* [EXERCISE REQUIREMENTS]:
Leave out the pictures and transcribe the rest of the records exactly.

Captioned web image data
++++++++
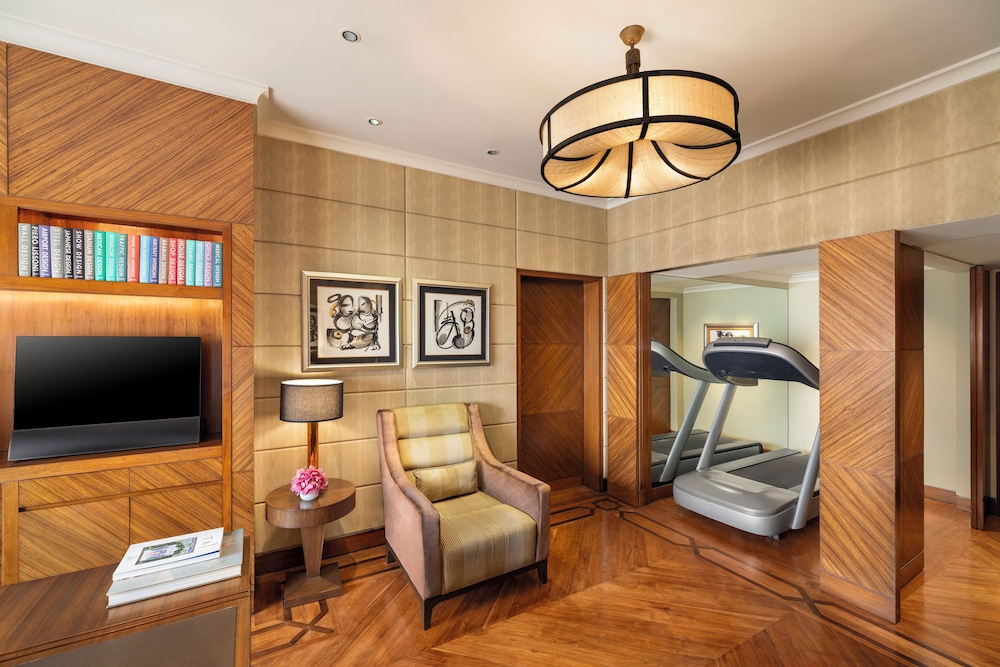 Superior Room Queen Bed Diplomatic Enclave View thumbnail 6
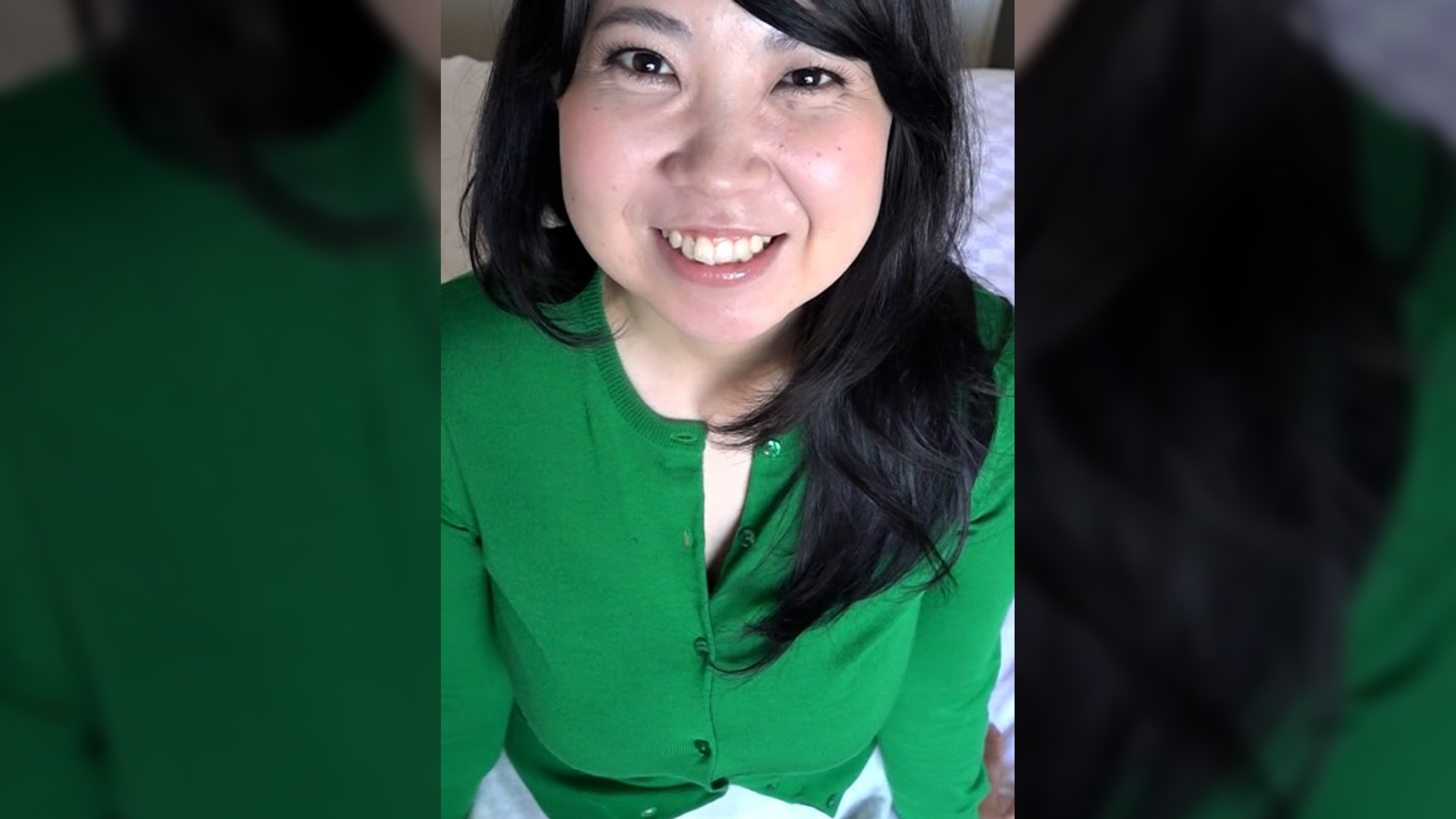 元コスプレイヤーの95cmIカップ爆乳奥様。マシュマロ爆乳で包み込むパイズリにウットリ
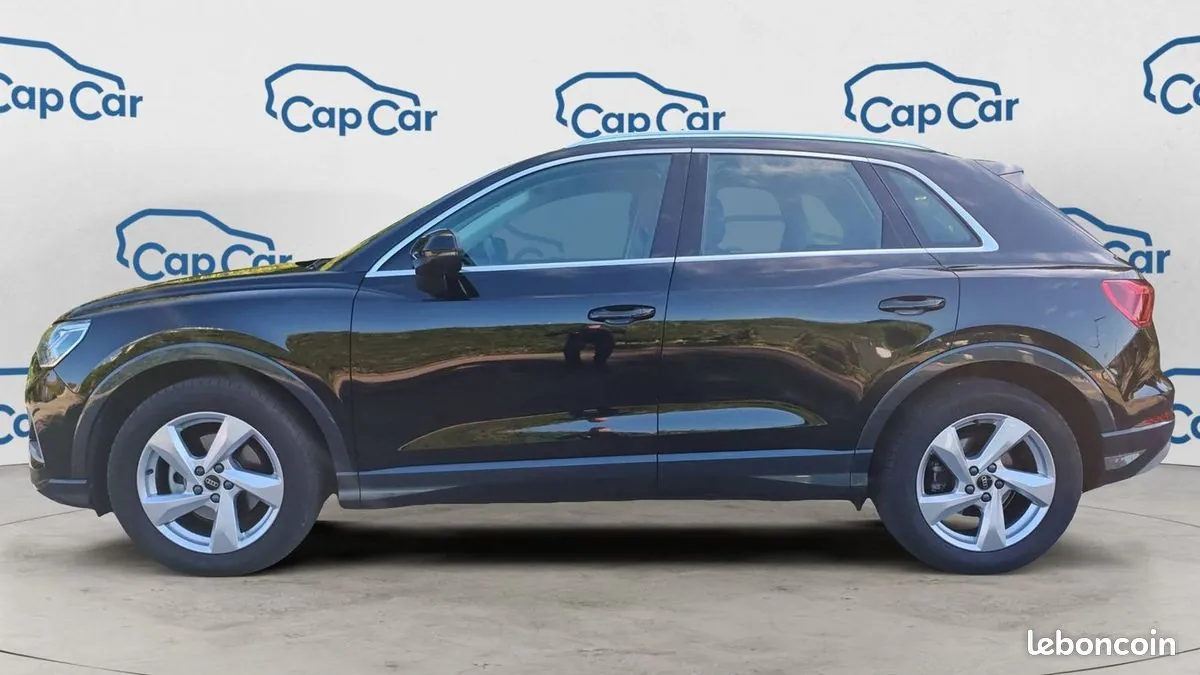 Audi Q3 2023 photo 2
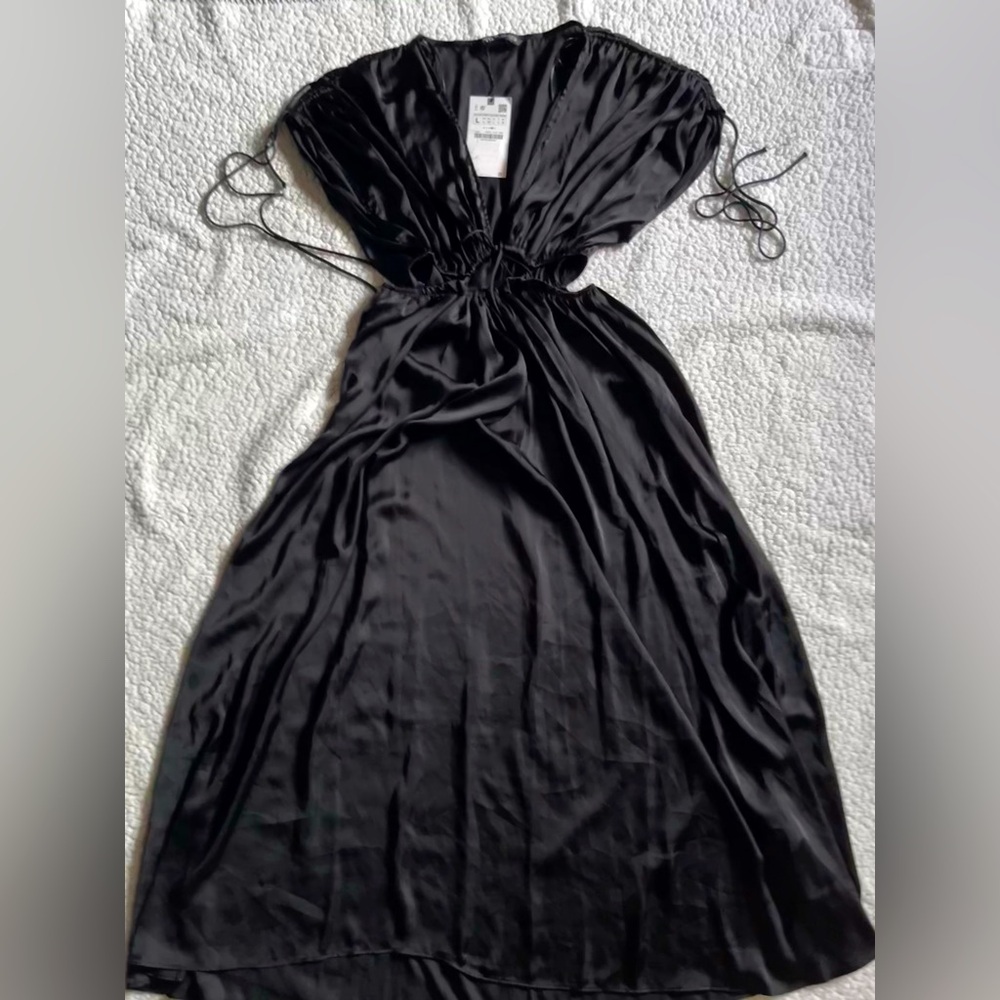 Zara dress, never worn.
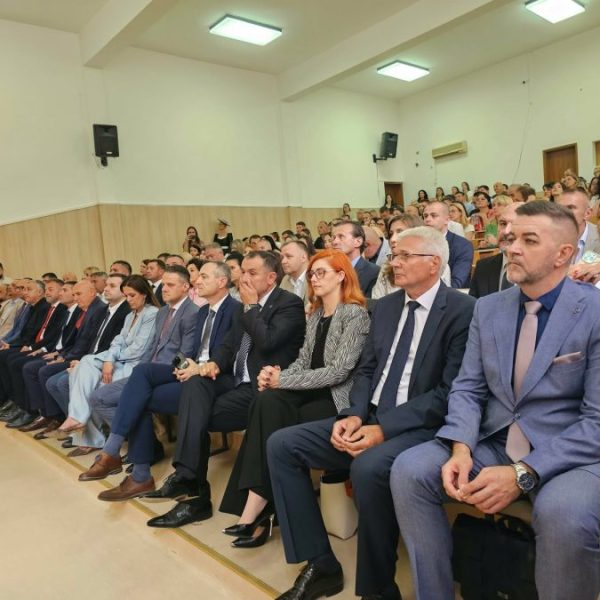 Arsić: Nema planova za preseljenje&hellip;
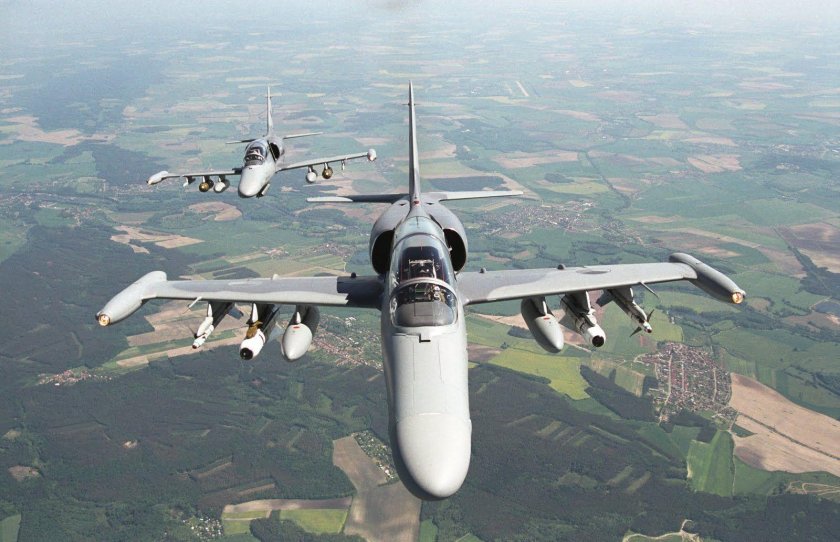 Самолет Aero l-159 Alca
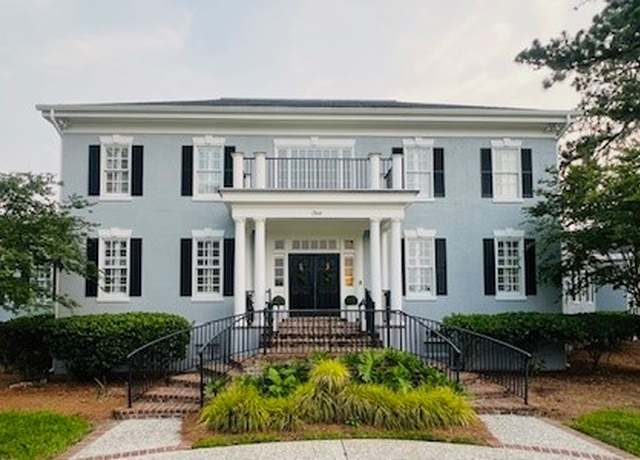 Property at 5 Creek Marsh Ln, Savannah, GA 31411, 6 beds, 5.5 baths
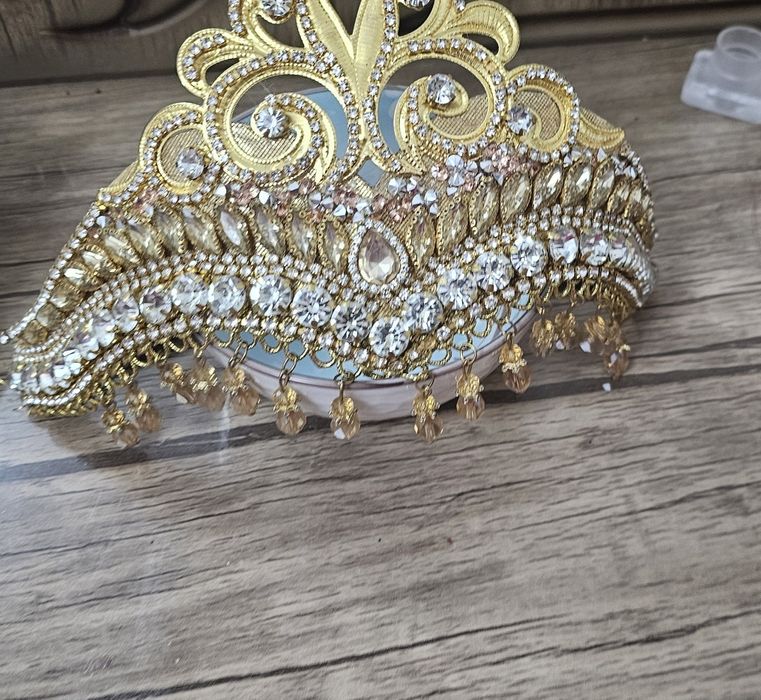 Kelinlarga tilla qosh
++++++++
* [EXERCISE RESPONSE]:
 Superior Room Queen Bed Diplomatic Enclave View thumbnail 6
 元コスプレイヤーの95cmIカップ爆乳奥様。マシュマロ爆乳で包み込むパイズリにウットリ
 Audi Q3 2023 photo 2
 Zara dress, never worn.
 Arsić: Nema planova za preseljenje&hellip;
 Самолет Aero l-159 Alca
 Property at 5 Creek Marsh Ln, Savannah, GA 31411, 6 beds, 5.5 baths
 Kelinlarga tilla qosh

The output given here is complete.